Böttiger B W, Reim S M, Diezel G
Klinik für Anaesthesiologie, Universität Heidelberg.
Anasthesiol Intensivmed Notfallmed Schmerzther. 1991 Feb;26(1):29-36. doi: 10.1055/s-2007-1000533.
Experience has shown that the bolus injection of streptokinase during resuscitation in case of fulminant pulmonary embolism considerably improves the prognosis. In the case presented here a 64-year old female patient with a fulminant pulmonary embolism was injected with 2 x 1,000,000 I.U. urokinase after 20 minutes of unsuccessful cardiopulmonary resuscitation. Ten minutes after the second injection the circulation could be stabilised by drugs only. The patient survived without any lasting damage. The mechanism of fibrinolysis during resuscitation is discussed. It is also possible to check the diagnosis during resuscitation using echocardiography or angiography. However, treatment must usually start immediately only on clinical diagnosis. Resuscitation in the case of a pulmonary embolism can even be successful after much longer than one hour. Contra-indications must be ignored in such cases. Side effects, which are usually haemorrhages, can as a rule be treated. In our opinion urokinase should be given by preference in the bolus injection during resuscitation. The exception to this is the primary operation during resuscitation. Pulmonary embolectomy is also possible after unsuccessful fibrinolysis.
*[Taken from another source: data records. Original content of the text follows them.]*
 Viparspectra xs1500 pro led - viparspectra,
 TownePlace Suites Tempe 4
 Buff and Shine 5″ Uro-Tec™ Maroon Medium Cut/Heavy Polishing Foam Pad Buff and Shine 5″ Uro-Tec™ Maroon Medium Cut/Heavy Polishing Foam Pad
经验表明,在暴发性肺栓塞复苏过程中推注链激酶可显著改善预后。在此所呈现的病例中,一名64岁患有暴发性肺栓塞的女性患者在心肺复苏20分钟未成功后,注射了2×1,000,000国际单位的尿激酶。第二次注射十分钟后,仅通过药物就能稳定循环。患者存活且无任何持久性损伤。文中讨论了复苏过程中的纤溶机制。在复苏过程中也可使用超声心动图或血管造影来核实诊断。然而,通常必须仅依据临床诊断立即开始治疗。肺栓塞的复苏即便在超过一小时后仍可能成功。在此类情况下必须忽略禁忌证。副作用通常为出血,一般可进行治疗。我们认为在复苏过程中推注时应优先给予尿激酶。复苏期间的初次手术除外。在纤溶治疗失败后也可行肺动脉栓子切除术。